Fleishman is patently annoying, he somehow believes he provides value by providing a weekly list of updated Mac apps, and pedestrian “overviews” on how to use Safari and iTunes, and the exact same observations about “Mac culture” that Jon Gruber does (equally annoying).

Even his tagline is saccharine and overly cute “Apple news for the rest of us” Guess what Glenn? I hardly put myself in the same group as you, despite loving my triple-boot Macbook. Fleishman’s a self-promoting tool, who actually provides almost no value.

opit (profile) says:

Working with Google

Time was when bloggers used human assisted search. These days that means online communities like Facebook.
There’s still a lot of fragmentation, even without allowing for the darkweb – or Java. I expect many have no real concept of how to Search until they hit YouTube.
Dogpile or Info.com aggregate more returns than plain Google anyway, and when I use DeepSearch I get returns from my Diigo library plus other assorted info.
Time was blogging was about where to find good content. Wikis, Twitter and RSS have only added more fuel to the fire.

fairuse (profile) says:

Seek and you will find

The search engine finds Stuff. Stuff is made attractive by people.
If it isshiny to the search engine’s eye it is important.
Much work is done to make search engine fall in love with important:

1. content is not important to search engine; waste product.

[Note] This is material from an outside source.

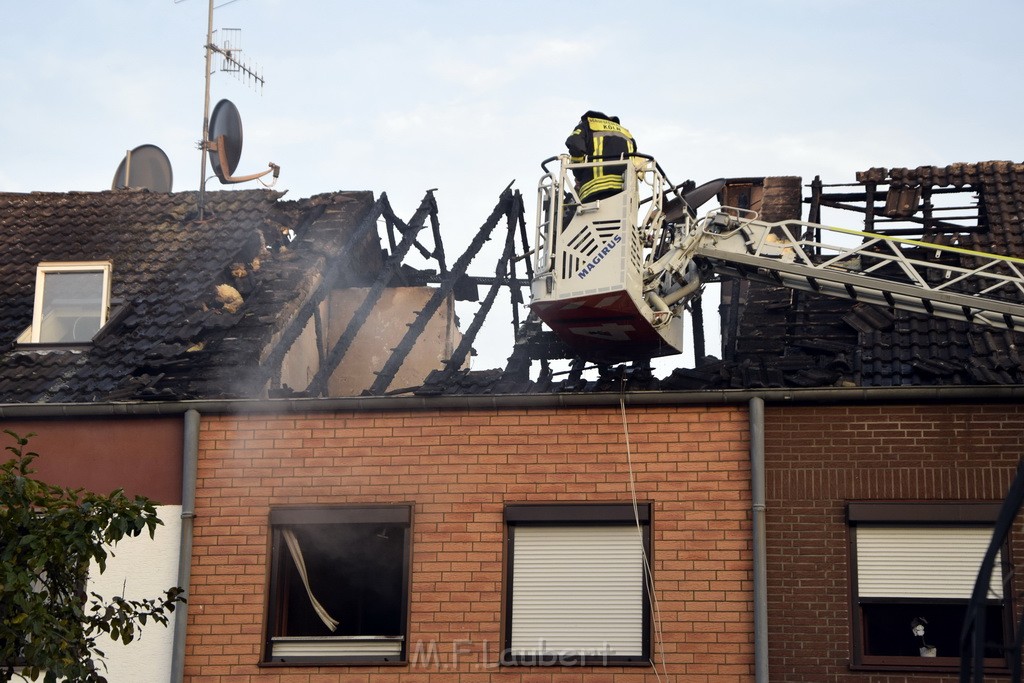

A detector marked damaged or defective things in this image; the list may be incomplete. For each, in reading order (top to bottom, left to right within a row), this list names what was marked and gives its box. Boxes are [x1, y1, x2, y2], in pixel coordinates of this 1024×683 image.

burned roof [0, 187, 382, 403]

2. people need to fit search engine with new reading glasses now and then.
content colors them rose.

3. if [find stuff] was easy a search engine would not be necessary.
And as a by product no spam content that looks like important content.

4. There is always a photo google find unix

{ it is search and no amount of wishful thinking will make it telepathic }

Paul Keating (profile) says:

Busman's holiday

This reminds of classes in business school in the 80’s (dating myself). The issue then was finding key motivators – money being a short-term motivator at best because very shortly after we get a raise we feel we deserved it. Once we feel it is deserved, the motivation is lost. When people love what they do, they are truly motivated. The concept of the busman’s holiday was the concept that a bus driver who truly loved his work would really “want” to drive his bus even on his day off.

The quoted reason as to why people contribute free content is exactly that – they want to and their emotional desire is sufficient reward for them to perform the task.

Sam (user link) says:

Sorry, but I don't get it

Sorry, but I don’t really get the concept of content farms. How can you tell if a site is a content farm? I know Demand Media provides content farms, but does the tag ‘content farm’ apply to Mashable?
How can Google see if the content is good enough? Like for instance, if you are Indonesian (no offence) and you write an article, but with easy words, is that regarded as bad content?